> **Aim of the task**: Copy all the lines of the data that include the word "Yellow".

Dataset records:
# # # # # # #

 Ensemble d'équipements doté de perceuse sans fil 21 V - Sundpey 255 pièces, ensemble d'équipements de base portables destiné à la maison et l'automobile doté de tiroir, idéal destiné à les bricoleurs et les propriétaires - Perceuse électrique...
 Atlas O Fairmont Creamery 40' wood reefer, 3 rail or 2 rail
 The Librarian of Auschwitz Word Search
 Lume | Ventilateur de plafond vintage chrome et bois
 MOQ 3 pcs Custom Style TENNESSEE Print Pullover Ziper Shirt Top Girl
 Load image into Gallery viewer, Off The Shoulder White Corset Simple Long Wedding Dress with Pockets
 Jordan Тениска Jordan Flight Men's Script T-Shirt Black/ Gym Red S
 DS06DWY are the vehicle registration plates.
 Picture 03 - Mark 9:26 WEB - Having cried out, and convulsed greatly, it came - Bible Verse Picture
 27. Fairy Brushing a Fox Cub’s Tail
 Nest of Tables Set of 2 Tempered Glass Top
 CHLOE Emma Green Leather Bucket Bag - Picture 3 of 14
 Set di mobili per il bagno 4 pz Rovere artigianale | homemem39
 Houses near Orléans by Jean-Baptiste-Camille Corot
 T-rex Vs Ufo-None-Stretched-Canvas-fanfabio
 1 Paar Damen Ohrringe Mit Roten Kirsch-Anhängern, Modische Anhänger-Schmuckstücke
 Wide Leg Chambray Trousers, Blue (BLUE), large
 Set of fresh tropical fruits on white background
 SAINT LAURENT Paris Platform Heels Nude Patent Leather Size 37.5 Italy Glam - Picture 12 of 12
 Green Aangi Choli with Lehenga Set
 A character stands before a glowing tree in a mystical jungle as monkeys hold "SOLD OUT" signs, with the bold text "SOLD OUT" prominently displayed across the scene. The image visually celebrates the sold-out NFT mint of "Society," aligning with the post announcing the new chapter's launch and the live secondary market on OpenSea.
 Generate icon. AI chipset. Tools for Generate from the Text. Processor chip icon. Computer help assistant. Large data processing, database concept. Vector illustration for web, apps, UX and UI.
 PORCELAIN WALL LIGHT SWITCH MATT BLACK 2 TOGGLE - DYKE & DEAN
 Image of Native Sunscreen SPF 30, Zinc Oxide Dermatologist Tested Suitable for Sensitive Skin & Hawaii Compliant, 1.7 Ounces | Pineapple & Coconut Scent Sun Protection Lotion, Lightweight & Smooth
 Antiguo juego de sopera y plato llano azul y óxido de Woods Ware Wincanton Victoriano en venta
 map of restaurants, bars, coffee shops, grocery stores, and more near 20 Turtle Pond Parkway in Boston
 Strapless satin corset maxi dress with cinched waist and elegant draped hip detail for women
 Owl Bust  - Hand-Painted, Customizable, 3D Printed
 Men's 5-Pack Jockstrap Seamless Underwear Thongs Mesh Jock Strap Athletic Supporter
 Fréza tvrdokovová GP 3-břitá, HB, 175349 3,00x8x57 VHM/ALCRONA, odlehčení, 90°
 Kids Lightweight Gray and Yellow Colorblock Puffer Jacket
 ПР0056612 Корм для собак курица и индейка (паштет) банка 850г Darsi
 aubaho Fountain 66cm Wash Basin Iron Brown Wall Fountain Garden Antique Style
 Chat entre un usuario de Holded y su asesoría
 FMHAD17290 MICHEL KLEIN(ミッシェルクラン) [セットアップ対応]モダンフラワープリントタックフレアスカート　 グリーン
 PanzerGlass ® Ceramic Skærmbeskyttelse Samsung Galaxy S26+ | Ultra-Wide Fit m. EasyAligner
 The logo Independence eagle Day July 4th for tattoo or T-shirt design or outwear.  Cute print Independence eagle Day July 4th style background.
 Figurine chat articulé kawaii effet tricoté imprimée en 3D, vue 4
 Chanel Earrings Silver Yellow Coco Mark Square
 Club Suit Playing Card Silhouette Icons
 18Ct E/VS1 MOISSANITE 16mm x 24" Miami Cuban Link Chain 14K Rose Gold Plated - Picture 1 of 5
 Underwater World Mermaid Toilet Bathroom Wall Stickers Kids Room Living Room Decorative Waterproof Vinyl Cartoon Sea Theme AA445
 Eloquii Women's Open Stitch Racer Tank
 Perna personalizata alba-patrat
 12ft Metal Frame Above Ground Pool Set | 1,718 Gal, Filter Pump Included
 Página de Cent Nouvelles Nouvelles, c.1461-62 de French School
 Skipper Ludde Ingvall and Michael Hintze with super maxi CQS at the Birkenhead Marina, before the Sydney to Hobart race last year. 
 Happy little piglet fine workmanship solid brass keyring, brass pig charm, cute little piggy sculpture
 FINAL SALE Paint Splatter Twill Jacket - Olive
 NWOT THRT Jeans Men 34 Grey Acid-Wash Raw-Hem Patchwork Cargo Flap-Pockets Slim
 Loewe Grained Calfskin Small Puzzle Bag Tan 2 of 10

# # # # # # #

> **Exercise response**:
 Kids Lightweight Gray and Yellow Colorblock Puffer Jacket
 Chanel Earrings Silver Yellow Coco Mark Square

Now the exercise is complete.